Puritan Board Senior
Please forgive me. I will try to be mindful of this moving forward.
I appreciate this gracious reply, and I'll add that I am at least as guilty of uncharitable language here. There's one member of the PB to whom I owe thanks for pointing it out in a private message.
 

Tom Hart

Puritan Board Senior
Christmas is the most wonderful time of the year. While not holy, it is helpful. I thank God for the cultural occurrence that enables me to have a very natural segue into the application of spiritual truth to human malaise brought on and accentuated by the cultural push for the “Christmas spirit.”
Of course we light Advent candles - and prior to the call to worship during announcements, and regardless of what naysayers say, that’s a perfectly legitimate practice.
That is an opinion without support. What of elements and circumstances (per the OP)?
 

Grant

Puritan Board Senior
Pastor Ben,

Christmas is the most wonderful time of the year. While not holy, it is helpful.
Are you not making it holy by having a full worship service and adding candle lighting during announcements?
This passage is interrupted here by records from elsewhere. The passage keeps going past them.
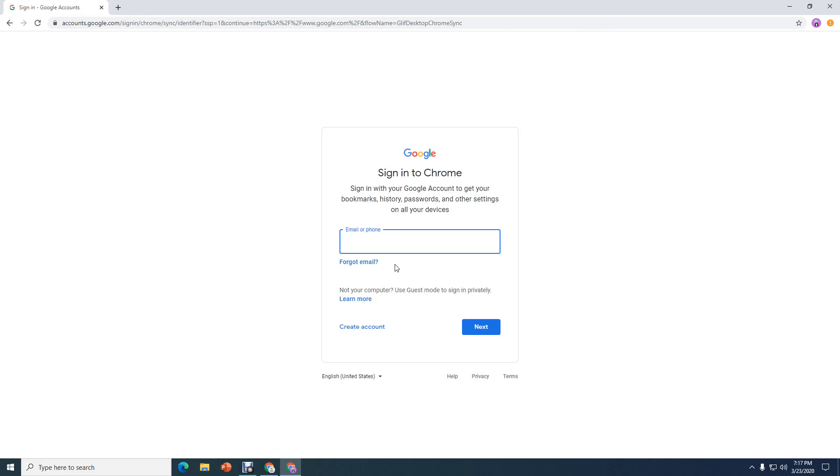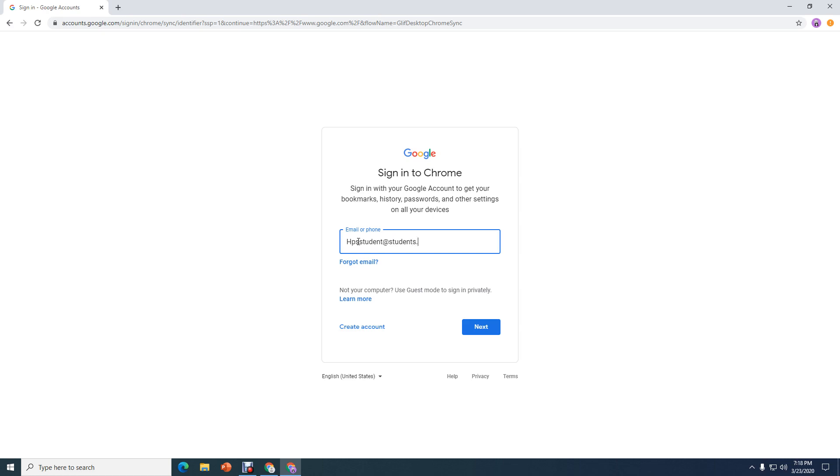And this is where you're going to log in with your 700 digit number followed by the at sign Students.HamtramckSchools.org. I'm going to go ahead and do that. I'm going to use a little bit different username because this is a test or a demonstration. I've put HPS student. That would be your 700 number. Remember, you have to put an at sign Students.HamtramckSchools.org. Click Next.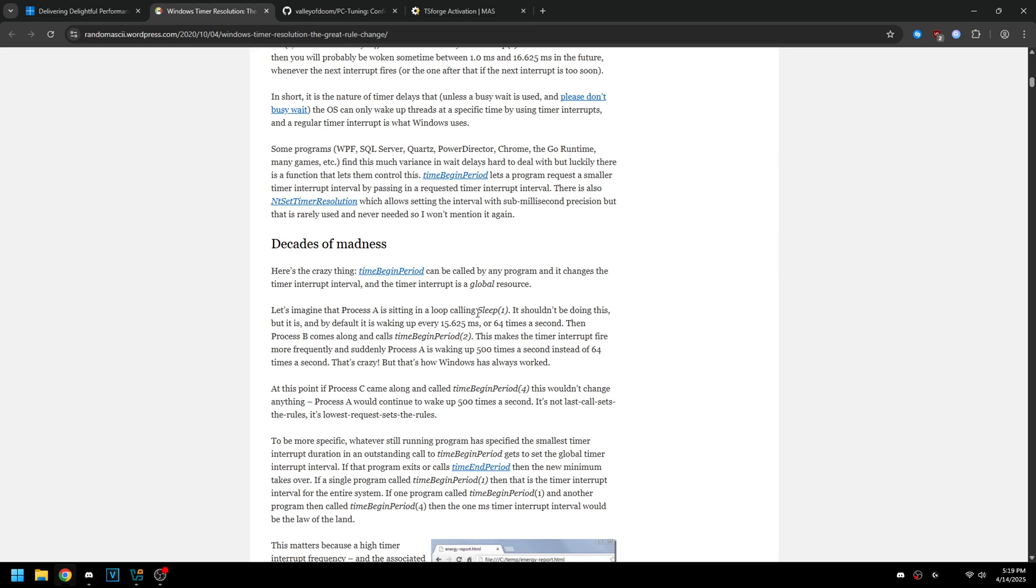So time resolution essentially tells the app how long it should be in the ready queue before it's put back on the thread. By default Windows has the process will wait anywhere from one millisecond to 15 milliseconds, so it could be anywhere in between that range.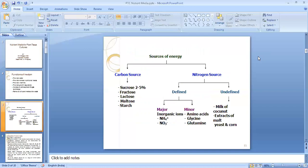Looking at the sources of energy provided in the medium: the first and major source is the carbon source, provided from sucrose used at 2 to 5%, or fructose, lactose, maltose and starch. The second major source is nitrogen, obtained from defined or undefined sources. Defined sources include inorganic ions like ammonium and nitrate, and minor sources like amino acids glycine and glutamine. Undefined sources include coconut milk, malt extract, yeast extract, or corn extracts.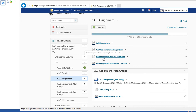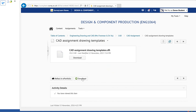To download this CAD assignment drawing template, you just click it, then click on download, and save the file to the directory where you have these CAD models. It must be the assignment folder, so all these files need to be in the same folder.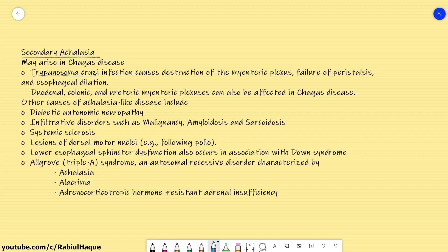Other causes of achalasia-like disease include diabetic autonomic neuropathy, certain infiltrative disorders like malignancy, amyloidosis, and sarcoidosis. Causes also include systemic sclerosis, lesions of dorsal motor nuclei particularly following polio, and lower esophageal sphincter dysfunction may also occur in association with Down syndrome.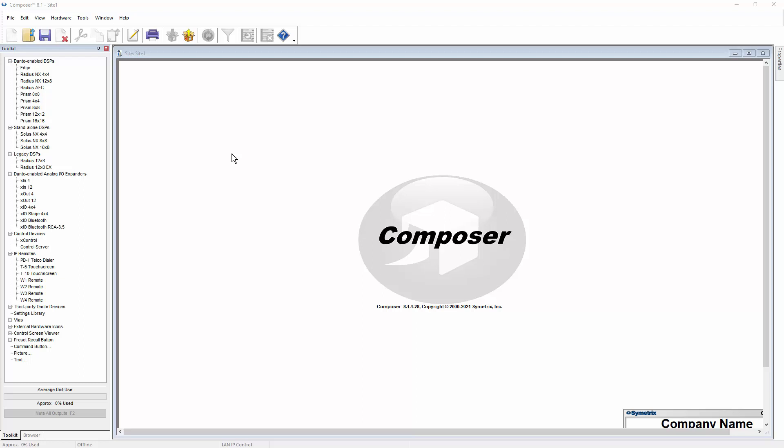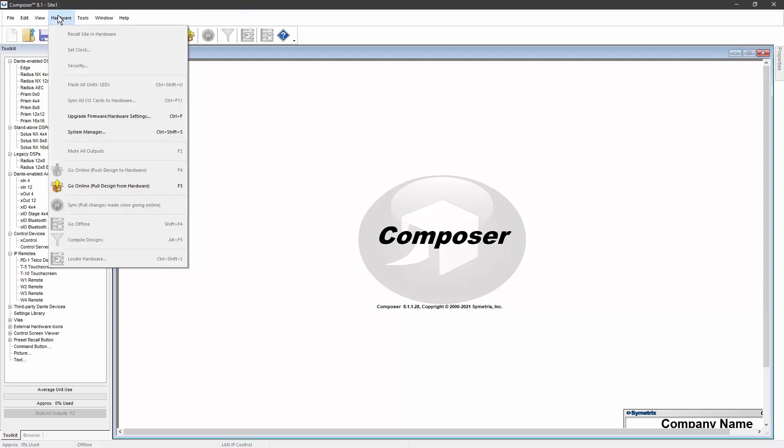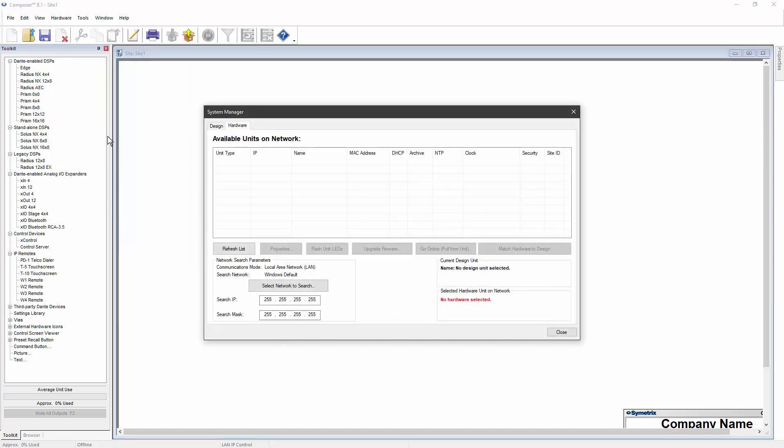To assign a static IP address to a Symmetrix product, launch Composer software and go to the hardware menu. Selecting System Manager from the hardware menu will open the System Manager.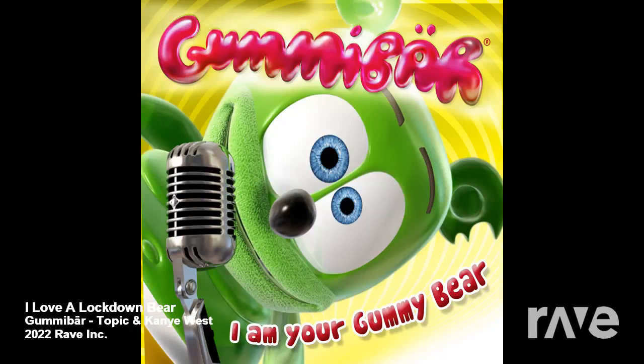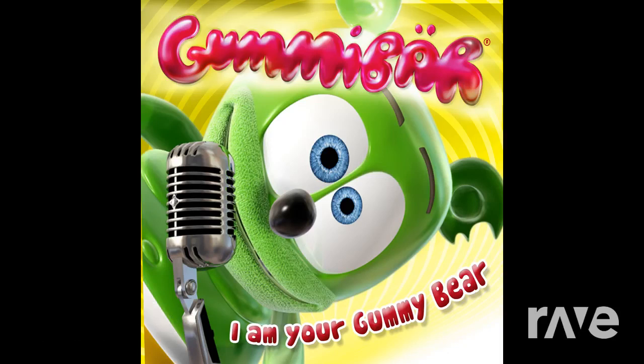Oh, I'm a gummy bear. Yes, I'm a gummy bear. Oh, I'm a yummy tummy, funny, lucky gummy bear.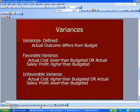The reverse is true as well. Higher costs than you budgeted — unfavorable. Lower sales than you budgeted — unfavorable. So we need to think about it this way: if we're talking about costs, lower is better; if we're talking about profit, higher is better.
Of course we light Advent candles - and prior to the call to worship during announcements, and regardless of what naysayers say, that’s a perfectly legitimate practice.
Would you also be willing to light Incense before the the call? Why or why not?
 

Ed Walsh

Puritan Board Junior
Mr. Coldwell, do you have any advice on relaying how I feel about a special candlelight service to my pastor?

I can tell you what I did. I quoted Chris's original post and sent it to my pastor and elder. Whether they disagree or agree doesn't change the clear logic of the syllogism.